Saphir-Substrate werden als isolierende Wafer für verschiedene elektronische Anwendungen eingesetzt. Aufgrund der gestiegenen Nachfrage nach LEDs hat der Markt für künstlichen Saphir in den vergangenen Jahren ein ordentliches Wachstum gesehen.
Schon der Ersatz im Bereich der Leuchtmittel, wo LEDs inzwischen praktisch alle quecksilberhaltigen Kompaktleuchtstoffröhren ersetzt haben, zeigt, welche Entwicklung der Markt für künstlichen Saphir in der jüngeren Vergangenheit genommen hat.

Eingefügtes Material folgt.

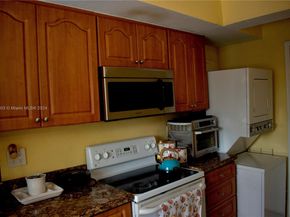 2206 Washington St, Hollywood FL 33020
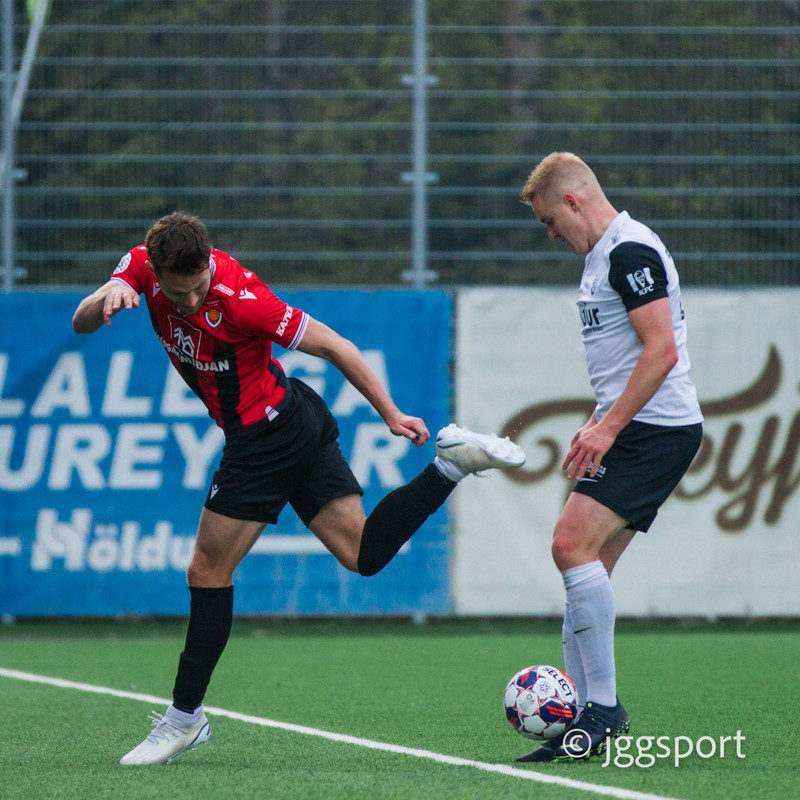Víkingur og FH mætast í hádeginu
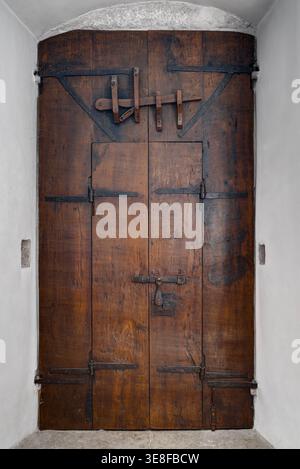 Porte dans l'église de Santae Mariae Misericordiae. Abbaye de Benedict sur la montagne, alias Abbaye de Norcia. Norcia, Pérouse, Italie Banque D'Images
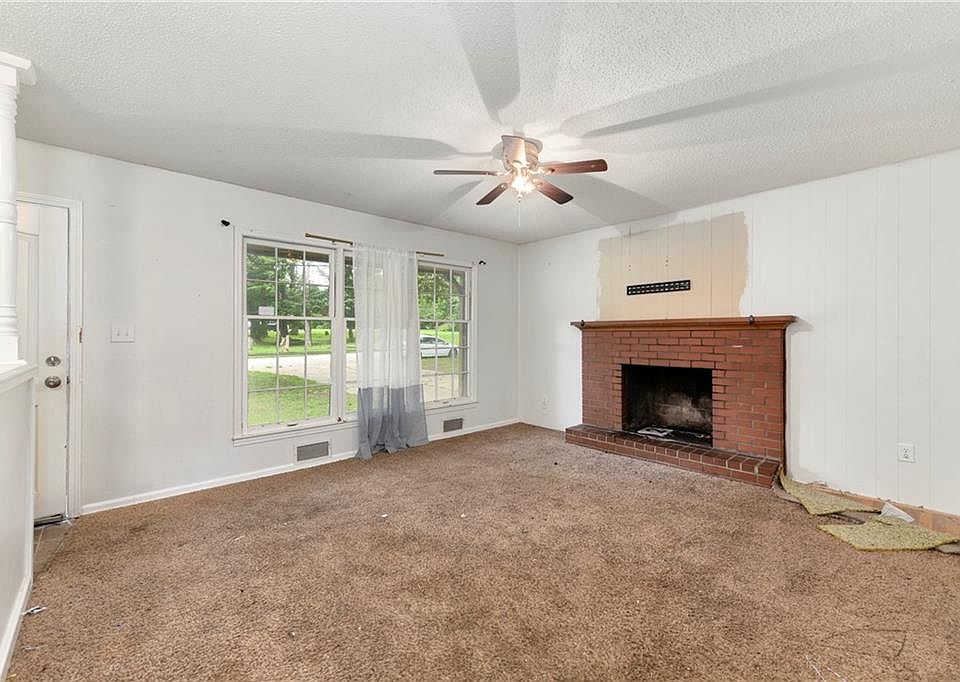 13419 Parker Ave, Grandview, MO 64030 Zillow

Der russische Hersteller Monocrystal bezeichnet sich als ein Weltmarktführer bei der Produktion sowohl von Saphiren für LEDs und den Bereich Consumer Electronics als auch von Substraten für die Photovoltaik. Um die steigende Nachfrage nach künstlichen Saphiren zu bedienen, hat man in der jüngeren Vergangenheit nach eigenen Aussagen die Fertigungskapazitäten alle zwei Jahre verdoppelt.
Wie lange es dauert, bis sich diese Angebotskonzentration in der Folge von Sanktionen als Mangel auf dem Markt niederschlägt, lässt sich derzeit nicht abschätzen. Möglicherweise gelingt es auch die Kapazitäten der Monocrystal-Fab in China rechtzeitig auszubauen.